Luckily, Southwest Airlines does not permit seat selection in advance, and Jim and Gene could not sit together on the plane. On the drive to Sarasota, Jim sat beside me in the front seat, Gene in the back. I pulled out my old-times questions one after another. Conversation moved along happily.

Then, in answer to one of my questions, Jim gave a long monologue, recounting endless fascinating details about something or other. When at last he finished, I waited for Gene to add his own details, but the silence from the back seat went on and on. At last Gene spoke.

“Jim, goddammit,” he said, “when you tell a story, it has to be true. You can’t just make things up.”

All three of us laughed. It was a replay of hundreds of earlier exchanges. Right brain versus left. Salesman versus engineer.

As things turned out, for me and I think for all of us, the few days we spent together in Sarasota were a hallowed time. We three brothers shared a hotel suite. I was struck by Jim’s and Gene’s gentleness and patience toward each other, as also to Dolores and to me. We would never all be together again, though Jim would live almost ten years more, and Gene eleven. Now in 2020, only Dolores and I are left.

Unspoken love

I’m pretty sure I never told Gene, “I love you.” I’m quite sure he never said that to me. The terms of our relationship precluded gushiness. No regrets for that.
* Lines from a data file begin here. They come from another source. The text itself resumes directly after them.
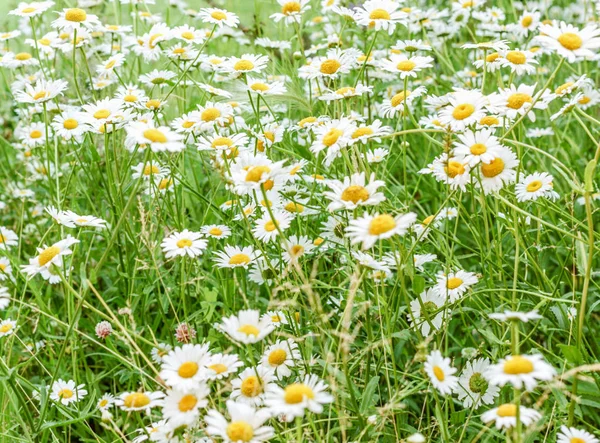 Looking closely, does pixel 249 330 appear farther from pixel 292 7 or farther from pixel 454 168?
pixel 292 7

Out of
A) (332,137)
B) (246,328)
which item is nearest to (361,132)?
(332,137)

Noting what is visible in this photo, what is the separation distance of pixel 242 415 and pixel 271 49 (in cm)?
198

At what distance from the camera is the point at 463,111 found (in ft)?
4.95

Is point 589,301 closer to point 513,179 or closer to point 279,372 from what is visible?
point 513,179

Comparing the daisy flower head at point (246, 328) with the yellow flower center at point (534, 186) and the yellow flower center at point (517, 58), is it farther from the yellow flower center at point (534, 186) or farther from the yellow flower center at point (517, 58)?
the yellow flower center at point (517, 58)

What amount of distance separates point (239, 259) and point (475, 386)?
0.55 metres

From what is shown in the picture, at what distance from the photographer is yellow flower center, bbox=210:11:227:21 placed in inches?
85.2

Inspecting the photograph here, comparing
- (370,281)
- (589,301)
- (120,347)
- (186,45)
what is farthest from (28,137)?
(589,301)

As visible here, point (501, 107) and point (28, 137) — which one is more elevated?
point (501, 107)

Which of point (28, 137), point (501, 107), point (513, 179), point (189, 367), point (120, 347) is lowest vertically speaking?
point (120, 347)

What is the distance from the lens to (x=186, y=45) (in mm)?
2426

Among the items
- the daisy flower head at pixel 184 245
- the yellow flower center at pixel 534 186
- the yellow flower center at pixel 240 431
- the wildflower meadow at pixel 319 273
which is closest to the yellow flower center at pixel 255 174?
the wildflower meadow at pixel 319 273

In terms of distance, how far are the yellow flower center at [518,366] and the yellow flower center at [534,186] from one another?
72 cm

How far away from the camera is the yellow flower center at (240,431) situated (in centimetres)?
104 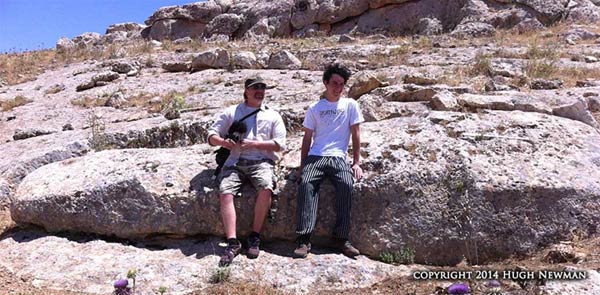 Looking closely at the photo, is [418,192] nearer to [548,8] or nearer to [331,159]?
[331,159]

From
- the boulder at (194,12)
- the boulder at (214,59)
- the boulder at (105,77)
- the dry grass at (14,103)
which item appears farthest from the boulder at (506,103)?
the boulder at (194,12)

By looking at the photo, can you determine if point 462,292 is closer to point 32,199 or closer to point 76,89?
point 32,199

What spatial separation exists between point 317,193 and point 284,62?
8139 millimetres

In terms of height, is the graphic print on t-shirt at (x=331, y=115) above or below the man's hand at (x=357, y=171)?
above

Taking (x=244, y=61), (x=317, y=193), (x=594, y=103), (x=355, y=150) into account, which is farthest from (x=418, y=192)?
(x=244, y=61)

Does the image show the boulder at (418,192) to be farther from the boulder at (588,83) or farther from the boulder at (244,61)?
the boulder at (244,61)

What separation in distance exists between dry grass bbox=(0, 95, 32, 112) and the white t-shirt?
9.26 m

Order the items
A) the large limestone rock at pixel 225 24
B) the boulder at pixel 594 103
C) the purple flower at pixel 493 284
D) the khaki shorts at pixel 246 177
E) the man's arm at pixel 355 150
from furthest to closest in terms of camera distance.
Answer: the large limestone rock at pixel 225 24, the boulder at pixel 594 103, the man's arm at pixel 355 150, the khaki shorts at pixel 246 177, the purple flower at pixel 493 284

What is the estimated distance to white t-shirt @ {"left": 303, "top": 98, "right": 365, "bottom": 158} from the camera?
576cm

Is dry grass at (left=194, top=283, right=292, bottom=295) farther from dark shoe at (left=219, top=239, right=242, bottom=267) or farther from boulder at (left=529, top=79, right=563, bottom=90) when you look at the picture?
boulder at (left=529, top=79, right=563, bottom=90)

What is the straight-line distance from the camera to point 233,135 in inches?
226

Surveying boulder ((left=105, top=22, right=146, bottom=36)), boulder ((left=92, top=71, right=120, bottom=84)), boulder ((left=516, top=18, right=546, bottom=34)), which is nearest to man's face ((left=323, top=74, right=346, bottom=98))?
boulder ((left=92, top=71, right=120, bottom=84))

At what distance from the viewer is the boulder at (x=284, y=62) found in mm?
13023

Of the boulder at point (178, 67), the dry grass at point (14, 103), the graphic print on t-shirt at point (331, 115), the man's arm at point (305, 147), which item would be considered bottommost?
the man's arm at point (305, 147) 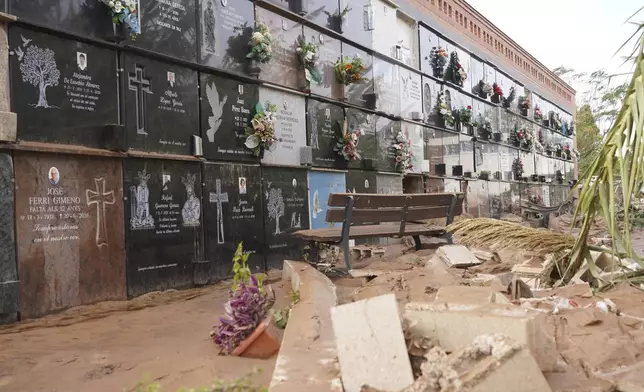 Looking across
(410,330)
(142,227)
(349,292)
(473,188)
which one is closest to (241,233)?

Actions speak louder than words.

Gene and Juanita asked me to be godfather for their daughter Debbie at her Baptism. They trusted me to drive their son Doug with his Grandma to Colorado. They asked my wife Anne to be sponsor for daughter Kristy’s Confirmation. Less than a year after I moved to Canada in 1970, they brought their whole family to visit me.

Years later, they visited Anne and me in Canada again. It was just before the U.S. government dropped its charges against me, so that I could again travel back to Missouri. True to form, Gene grumbled that he wished the government had acted sooner, it would have saved him a long trip.

I often complimented Gene and Juanita on their children as they were growing up: smart, fun, serious kids, a credit to their parents. Gene's response was always the same: So far so good, but you never know what they'll do next. I don't imagine he was an easy dad, but I think he was a very good one.

I give thanks for the lives of all the members of the family into which I belatedly was born. I did not love the highwayman any more or less than any other sibling, but I deeply feel his loss.

 

 

 

 

Gene and me at his and Juanita's home in Jefferson City, 2010.